Rescato tres planos de este libro
colosal. Primero, la amistad verdadera y sin bajezas de los dos protagonistas,
capaz de aceptar las limitaciones que la vida les ha impuesto a cada uno –el
escaso cuerpo y la voz de Owen; la muerte de la madre y la poca agilidad de
pensamiento de John- sin hacer juicio crítico, compartiendo la escuela, el
deporte y la vida en general. Owen es quien lleva la voz cantante en todo
aquello que protagoniza, pero nunca podría ser él mismo sin la presencia de
John, en una extraña tanto como efectiva simbiosis.
Otra arista es el tema de la fe.
John pertenece a una iglesia, pero no practica. Su madre, por otros motivos,
hace que cambien de iglesia –y de creencia- como quien cambia de indumentaria.
Owen es un hombre de fe; su vida está
signada por citas evangélicas, de manera que asume el rol de ser un
instrumento de Dios, una suerte de nuevo Mesías, de quien John encarnaría a su
discípulo amado, pues es John quien narra la historia de Owen hasta su último
minuto y quien se vuelve creyente y clama por él en su ausencia. Irving no deja
pasar la ocasión para separar la fe religiosa personal -y como tal, subjetiva-,
del culto institucional al que crítica de hipócrita y acomodaticio.
Además, en el medio de todo está
Vietnam. Owen decide enrolarse en el ejército y graduarse de subteniente, con
la firme voluntad de ir al frente, pero su endeble cuerpo se lo impide y solo
puede encontrar trabajo como asistente de
bajas, un eufemismo para aquellos oficiales destinados a entregar los cadáveres
de los caídos a sus familias. John pide prórroga mientras asiste a la
universidad para graduarse, pero al concluir sus estudios es llamado a filas.
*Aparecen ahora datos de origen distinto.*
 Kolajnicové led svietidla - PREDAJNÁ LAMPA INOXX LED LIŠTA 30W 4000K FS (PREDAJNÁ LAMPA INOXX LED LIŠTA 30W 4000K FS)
Owen, quien conoce la falta de decisión de su amigo para desertar, soluciona el
problema con la anuencia de John, no sin costo. Irving se vuelve un furibundo
crítico de esa guerra sin sentido que costó la vida de miles de jóvenes
estadounidenses, emitiendo cifras de bajas a medida que la escalada de
violencia en el sudeste asiático aumentaba y pone en boca de Owen su sentir:
¿cómo vamos a salvar a los survietnamitas si, para liberarlos de los
norvietnamitas y del Vietcong, bombardeamos su
territorio y a su gente?
Para finalizar, cabe decir que John
narra la historia en tiempo presente, en un prodigioso ejercicio de memoria. Es
1987, tiene cuarenta y cinco años, vive en Toronto, y da clases de Letras en un
colegio de niñas; sigue tan soltero y virgen como cuando vivía Owen. Aun
frecuenta la casona que la abuela les legó, para encontrarse con su padrastro todos
los meses de agosto. La crítica literaria que incluye sobre Thomas Hardy,
Robertson Davies, Alice Munro y otros autores no tiene desperdicio.
Fluida, construida con protagonistas
entrañables, una galería de personajes secundarios bien delineados y una prosa
amena, con escenas emotivas y otras desopilantes que conducen al lector al
borde de la carcajada, la novela es el reflejo de una amistad a prueba de
balas, que perdura en el tiempo más allá de la muerte y se convierte en un
canto de esperanza para todos aquellos que hemos sufrido una pérdida.
Si lo ven en algún escaparate de
usados, llévenlo sin dudar. Librazo imperdible; lo mejor que he leído en lo que
va del año. Y probablemente, entre mis mejores diez títulos.
Gracias por la recomendación, Javier!